During all these stirring times just described there were two women correspondents, poor souls, who were indeed sad and lonely. They were very ambitious and wanted to go to Cuba with the army, but the War Department wisely forbade any such a move and then my trouble began. At all hours of the day or night I was pestered by these same women. One of them represented a Canadian paper and was most anxious to go. She tried every expedient and tackled every man or woman of influence that came along. Even dear old Clara Barton did not escape her importunities. She wanted to go as a Red Cross nurse, but didn't know anything about nursing. However, I reckon she was as good as some of the women who did go. She was an Irish girl with rich red hair, and as mine was of an auburn tinge we didn't get along worth a cent. She didn't do much telegraphing but sent all of her stuff by mail. However, it was her intention to send one telegram to her paper and "scoop" all the other chaps in so doing. She wrote a letter to her managing editor in Toronto and told him there was a censor down there who thought he could bottle up Florida as regards news, but she intended to outwit him. Particular attention was being paid so as to preserve the secrecy of the sailing day of Shafter's army. Cipher and code messages bearing on this occurrence were to be strictly interdicted. But that didn't make any difference to her; she could beat that game. So on the day the fleet actually sailed she would send a message to her paper saying, "Send me six more jubilee books." This would indicate that the fleet had really gone. Brilliant scheme from the brain of a very bright woman, but she lost sight of the fact that Messrs. Carranza and Polo y Bernabe were at that time in Canada spying on the United States, and that all the Canadian mail was most carefully watched. Such, however, was the case, and in a short time the contents of her letter were known to General Greely, and by him communicated to me. One evening Miss Correspondent was standing in the lobby of the Tampa Bay hotel surrounded by a group of her friends, when I approached and said:
"Excuse me, Miss J—, but I should like to speak to you for a moment."
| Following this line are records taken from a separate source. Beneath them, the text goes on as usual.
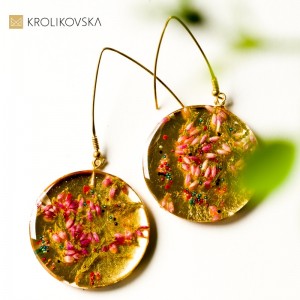 Prezent, kolczyki koła pozłacane z wrzosem.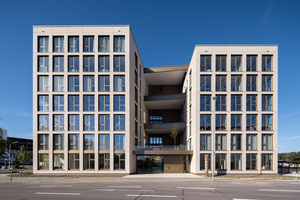  Ein mittig liegendes Foyer bedient die beiden flexibel zu zonierenden Bürobaukörper mit ihrer streng gerasterten Fassade 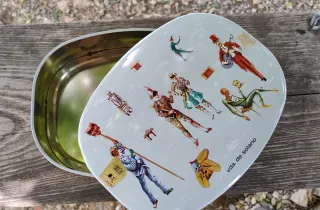 Antigua caja Vda. Solano con personajes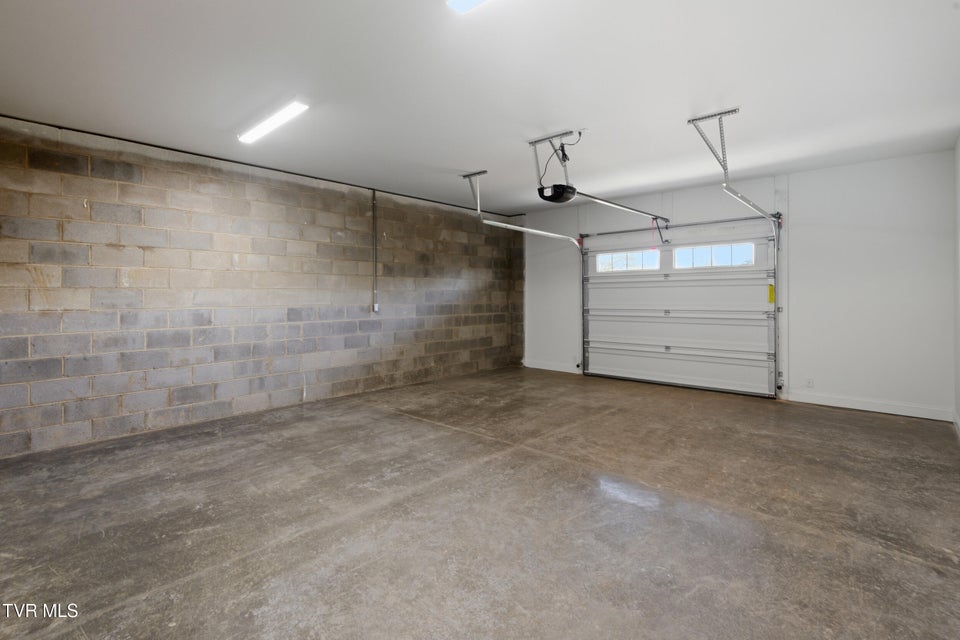 Photo #35: 260 Par Lane 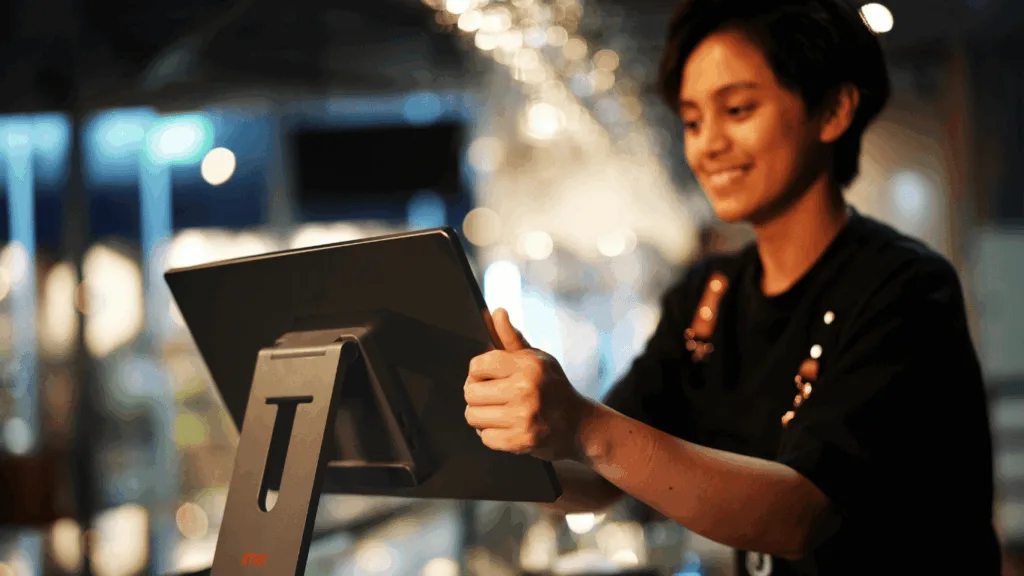 Ecommerce customer service software being used by agents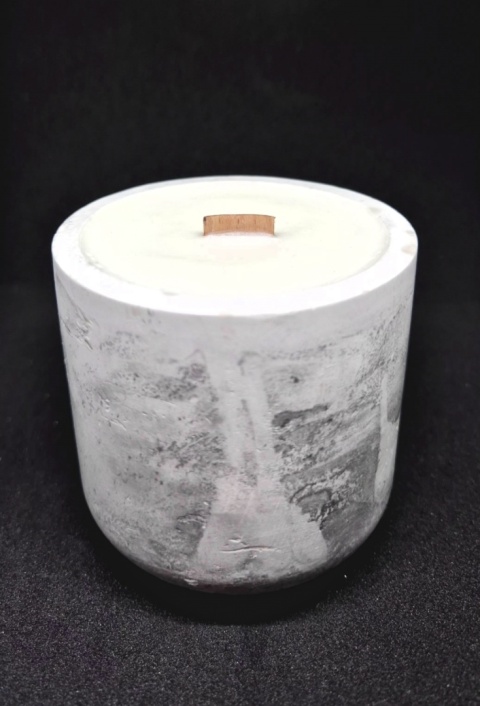 Świeca sojowa "Fresh citrus" o zapachu mango i mandarynki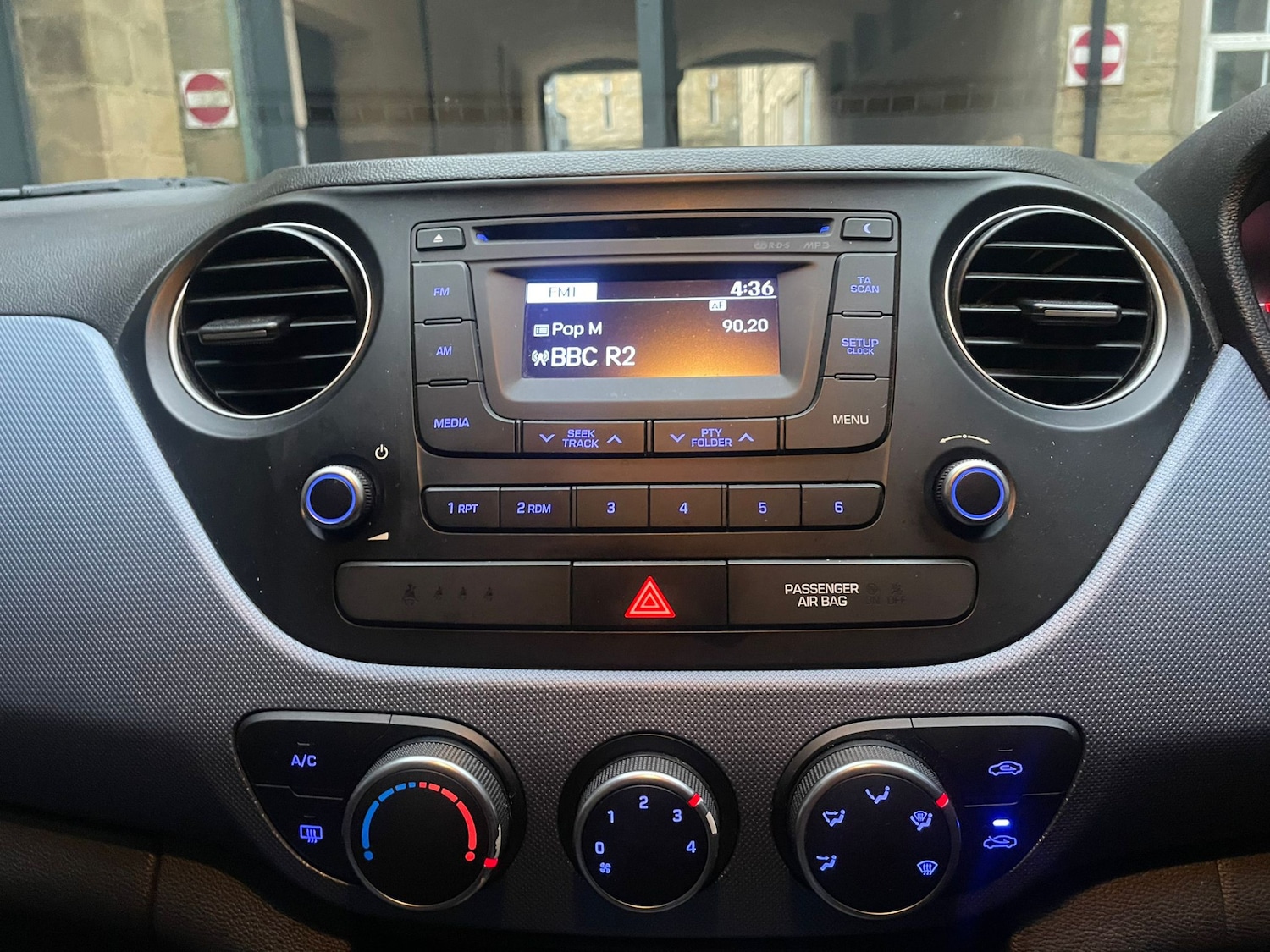 Used Hyundai i10 2015 for sale - 77504688: Photo 23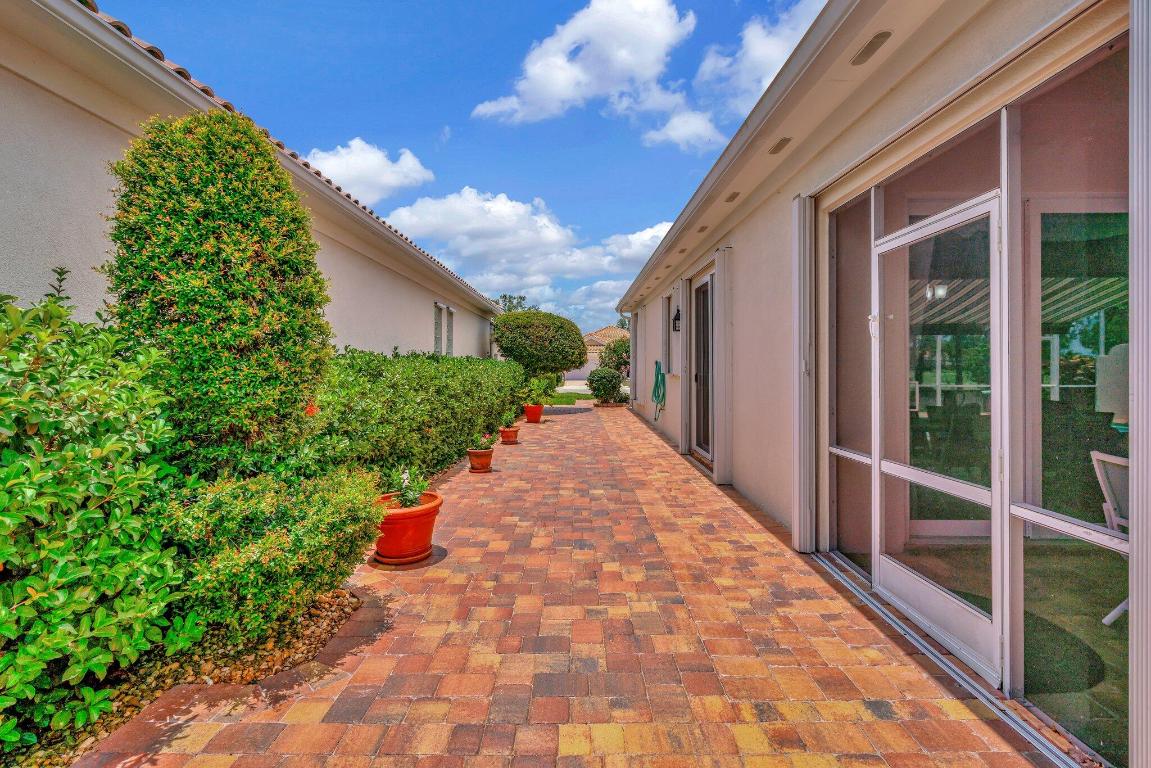 DOUBLE TREE - Residential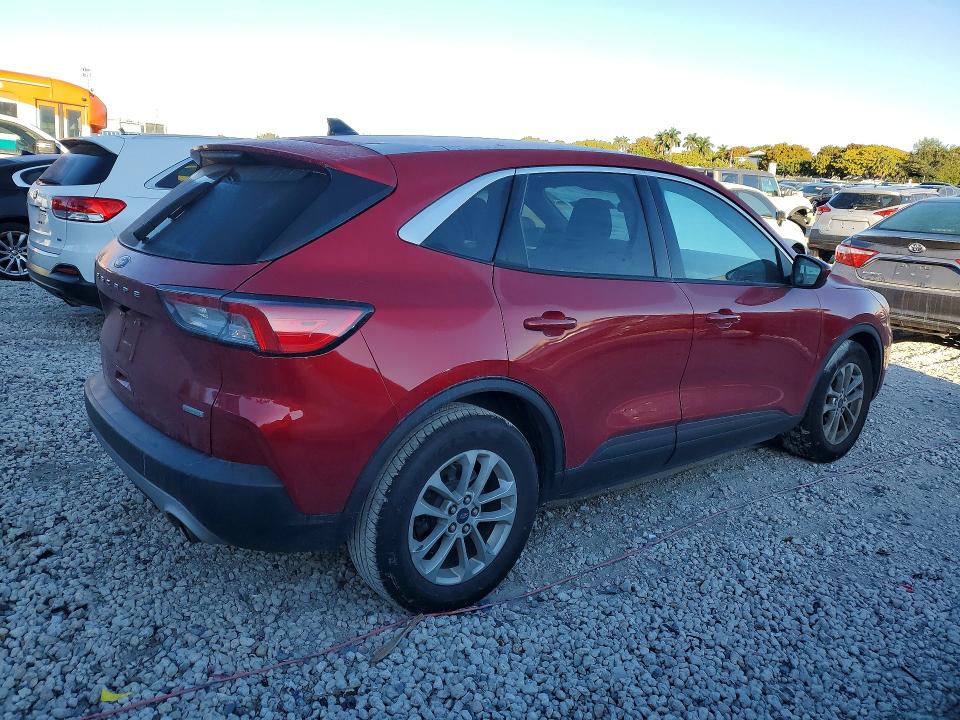 Photo 3 from auction – 2020 FORD ESCAPE with VIN 1FMCU0G68LUA06455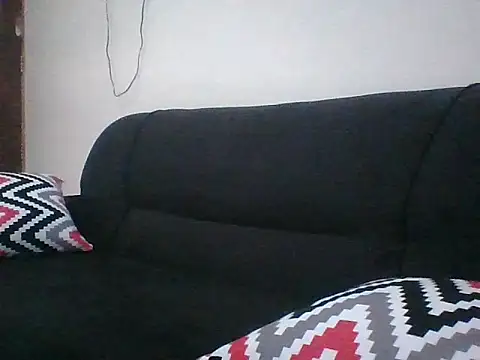 Snapshot of hotgal1112 chatting on 10.23.25 hotgal1112 online show from 10.23.25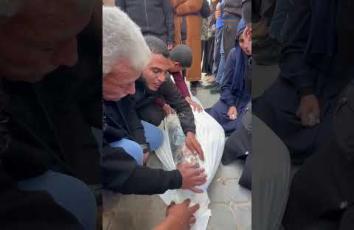 هكذا ودع المنشد محمد كرسوع ابن عمته الطفل حمزة الطناني الذي ارتقى بقصف إسرائيلي على منزله شمالي غزة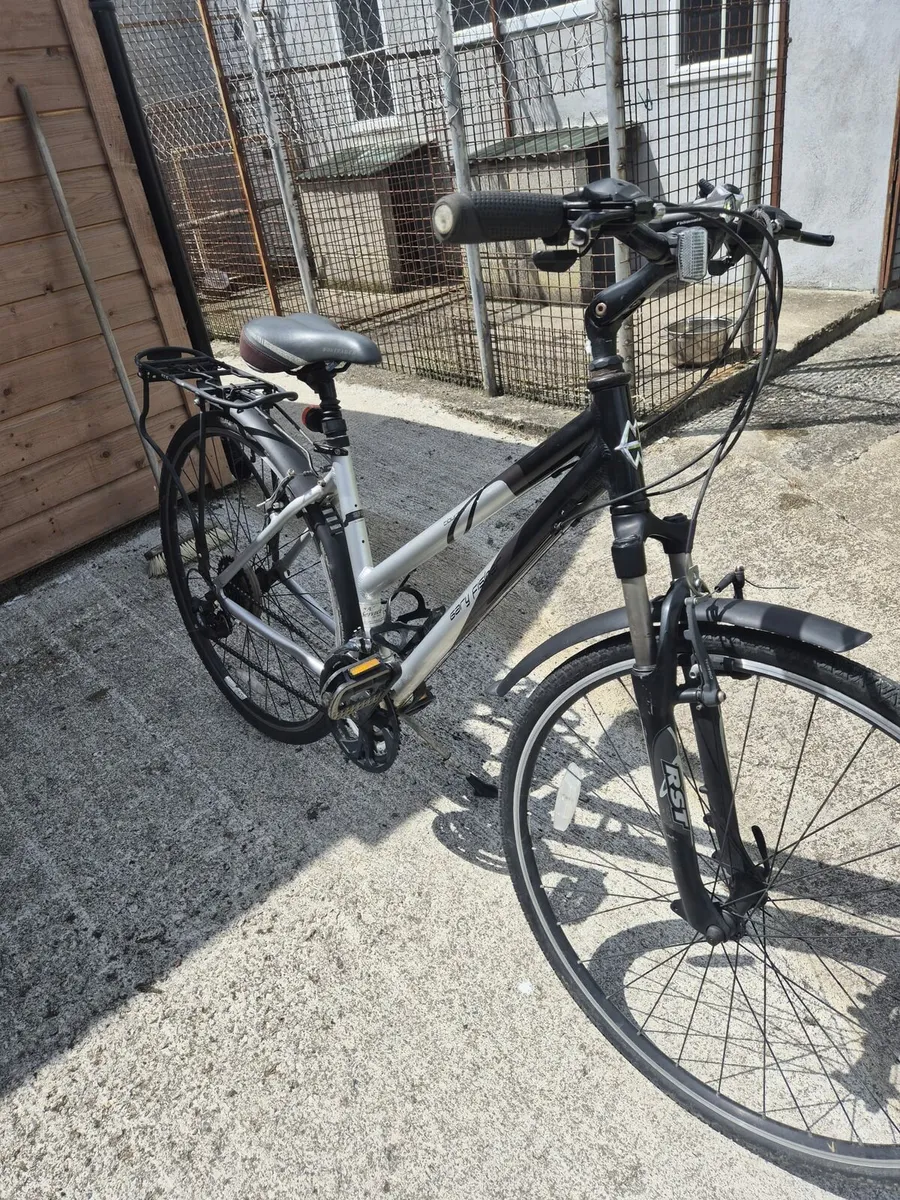 2 Gary fisher His and Hers 21 speed Bikes - Image 4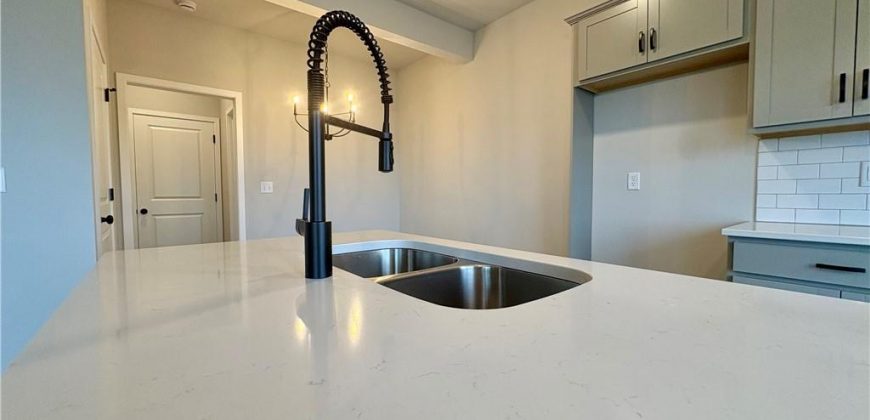 Homes for Sale in Kansas City, MO 64154 | 3036 NW 95th Terrace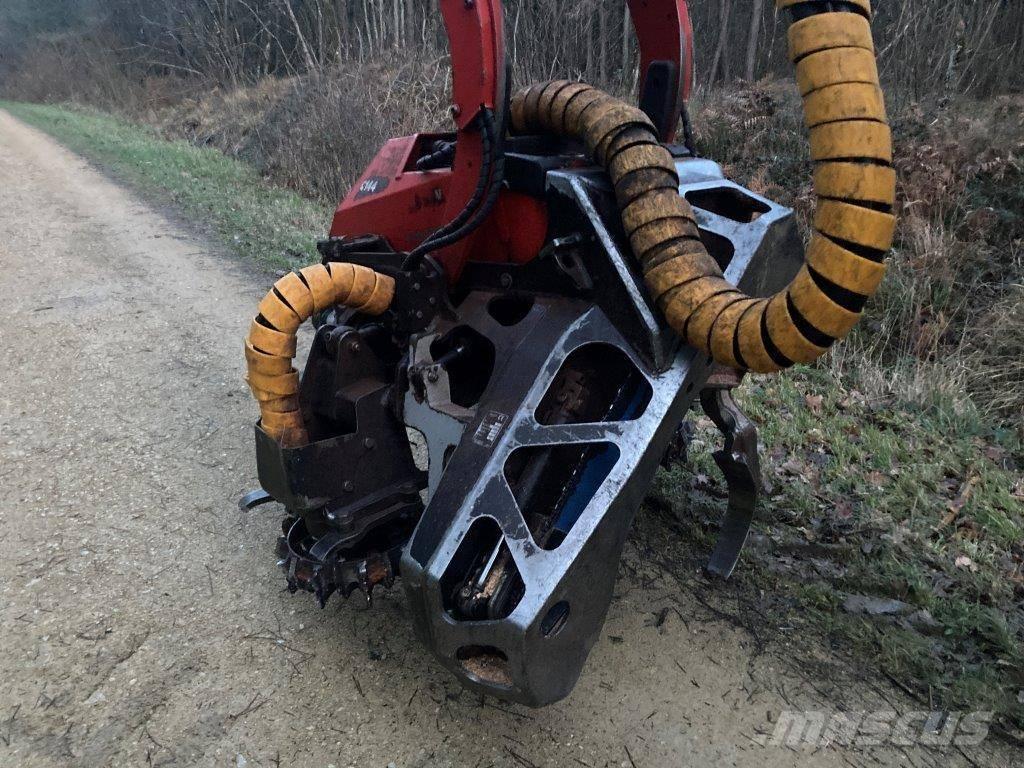 Komatsu C 144 Betakarítók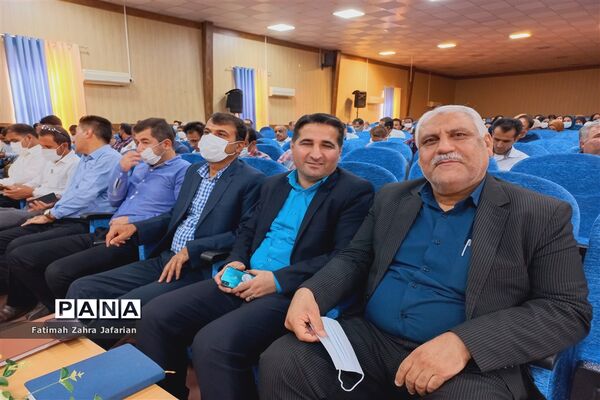 مراسم تجلیل از تلاشگران ماندگار ۳ در آموزش و پرورش امیدیه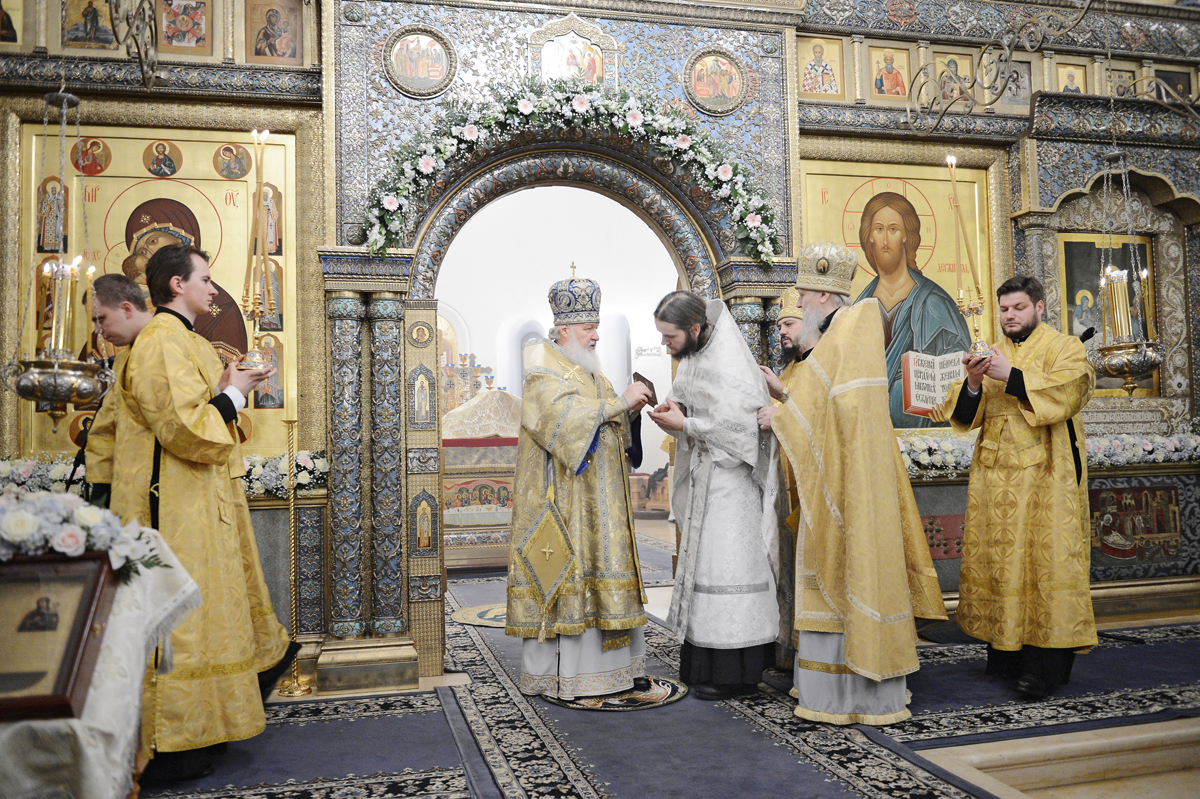 Патриаршее служение в Зачатьевском монастыре в день престольного праздника обители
"Well, what is it, pray? Surely you haven't anything to say but what my friends can hear, have you?" Sassy, wasn't she?
"Oh! well if that is the case?" I replied, "I am sorry to inform you that you are suspended from correspondent's privileges and from the use of the telegraph until further orders."
"And what for pray?"
"I don't just exactly know," I answered, "but I think it has something to do with sending you 'six more jubilee books' from Canada."
Well! she turned all the colors of the rainbow, and snapped out, "Goodness gracious! how did you—where did you hear that?"